What makes Informatics so fascinating for you?
Two things are fascinating. One thing is the very technical, mathematical fascination for fundamental algorithmic problems, where you can phrase in one sentence what you want to optimize – you are given some kind of graph or network, and you are asking for a particular property. Getting the answer is difficult, and working on it is like solving logic puzzles in your childhood. You have a challenging mathematical, logical problem, and you need to become creative to solve it, employing algorithms and logic. The other fascinating thing is that computer science is opening up an entirely new toolbox and a world of things that affect our human life. Developing tools that are helpful for people out there is fascinating to me.
Which talents should people bring along for a career in Informatics?
If you are interested in Informatics, sure a fascination with computers, smartphones, and electronic devices is helpful.
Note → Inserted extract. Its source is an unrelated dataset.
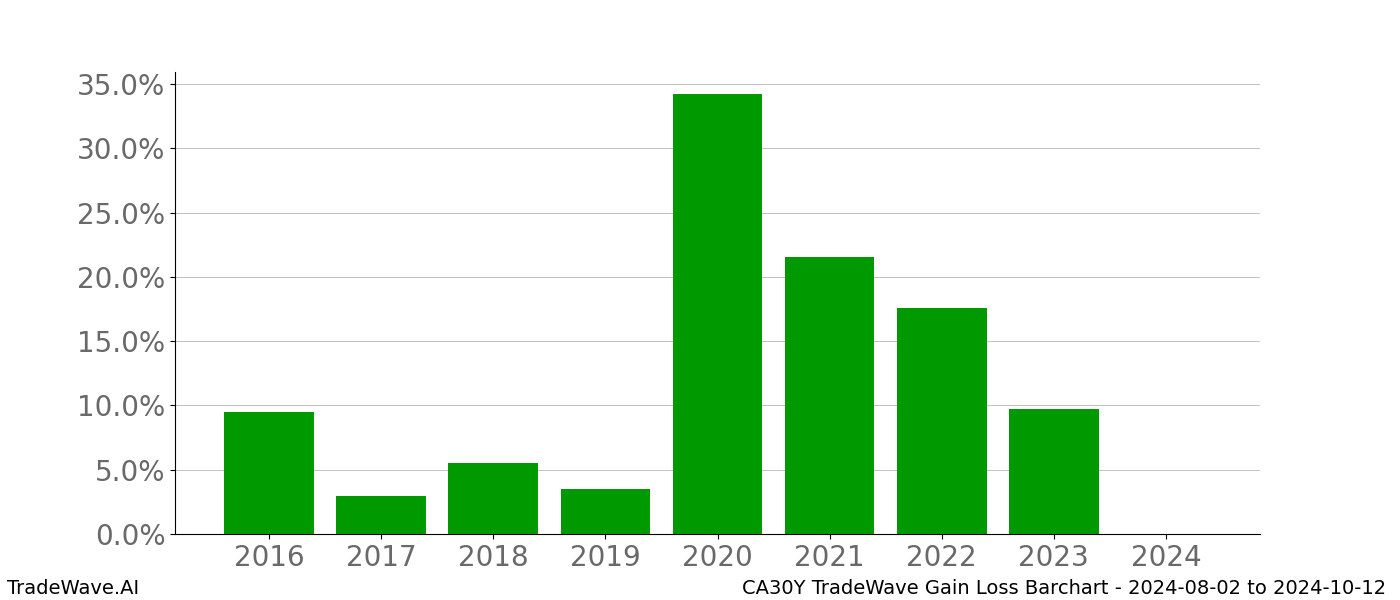 Gain/Loss barchart CA30Y for date range: 2024-08-02 to 2024-10-12 - this chart shows the gain/loss of the TradeWave opportunity for CA30Y buying on 2024-08-02 and selling it on 2024-10-12 - this barchart is showing 8 years of history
But to delve deeply into Informatics, you need an excellent understanding of mathematics. Logical connections between things, analyzing them, and reasoning should be of interest to you. If you are good at playing Sudoko on paper this is maybe more important than being good at playing a particular computer game. But of course, Informatics is very broad; not everyone needs to become an expert in algorithm design. Some people want to become software engineers, so you need other skills as well, like being very structured and organized. And others are working at the interface with humans, like in visualization – then you need a good understanding of how people work with electronic devices and machines. Also, artistic skills might be useful when you design interfaces. It is a vast field, but if you dislike mathematics, I would not recommend it.
Why do you think there are still so few women in Informatics?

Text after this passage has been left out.